One of the most promising new verticals that printers should know about is the creator market. Defined as the multi-billion-dollar fueled market by 50 million online content creators, the creator market has been plagued with the problem of monetization. A major report on the subject found that just 12 percent of content creators earn more than $50,000 a year, with a full 46 percent earning less than $1000 per year. Alongside models such as advertising, sponsorships, and direct patronage, custom merchandise has emerged as an increasingly important source of funding for part- and full-time content creators. Custom merch enables creators to provide a new source of value to fans in the form of fashion or personal expression – and they can charge actual money for it.  

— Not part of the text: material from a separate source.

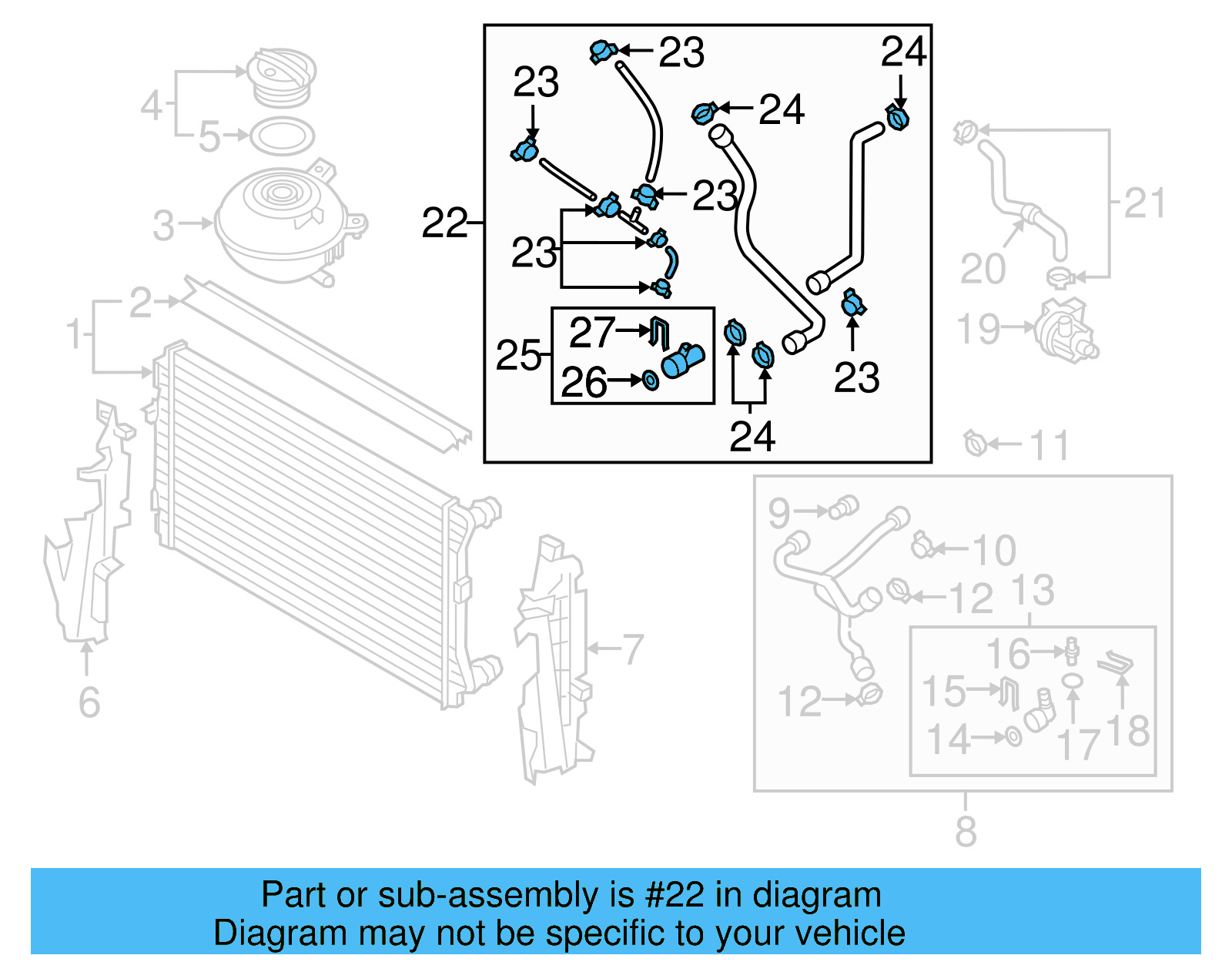Upper Hose 1K0-122-101-LF - View 5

Existing custom printers are perfectly positioned to serve this emerging market. They have the technology and the experience to provide quality results to delight fans. Unfortunately, catering to creators is not as simple as having professional printing equipment and partnerships with quality textiles and other merch vendors. Content creators are not necessarily experts in graphic design, marketing, business, or logistics, and may not have the skill sets to assemble the various components required to set up an online store. 

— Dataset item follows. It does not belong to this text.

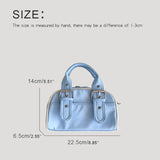 AIDASE  -  Korean Casual Pillow Bags For Women Luxury Designer Handbags Purses In Polyester Belt Buckle Top Handle Cloth Shoulder aidase-shop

As always, when entering new markets, you must not just think about what your business’s capabilities are, but also what potential customer needs will be. An all-in-one, packaged solution that takes care of the design, ecommerce, fulfillment, and yes, printing components of online custom merch sales is far more likely to appeal to this market than just telling creators you have print capabilities. Another value-add custom printers can provide is their knowledge of the culture and the business of merch. With trends being so important in the merch space and graphic design more generally, the ability to advise creators on their designs or even create custom designs proven by data to sell well could be a powerful value proposition to this market.


For more general wisdom on entering new markets, I recommend this groundbreaking piece from Harvard Business Review on new market strategy. Based on hundreds of interviews with new market pioneers, the authors discovered certain commonalities in the strategy that successful new market entries share. As someone who has helped guide businesses into new markets on several occasions, I found particularly relevant the principle that you should “test relentlessly – but then commit.” I’ve seen many companies try to capture every new trend as it emerges. This approach is doomed to failure in a new market where everything is by nature in flux. A business needs a strong focus to make it in a new market. Much like investing, if you truly believe in the product, then stick to your bet, and go long.

The creator economy is just one example of a market where printers may be able to plant a flag, of course. Creating a solution for this creator market may not necessarily be the right choice for every print business. Printer business leaders will need to sit down, do their research, and think creatively in order to identify opportunities for growth through new markets.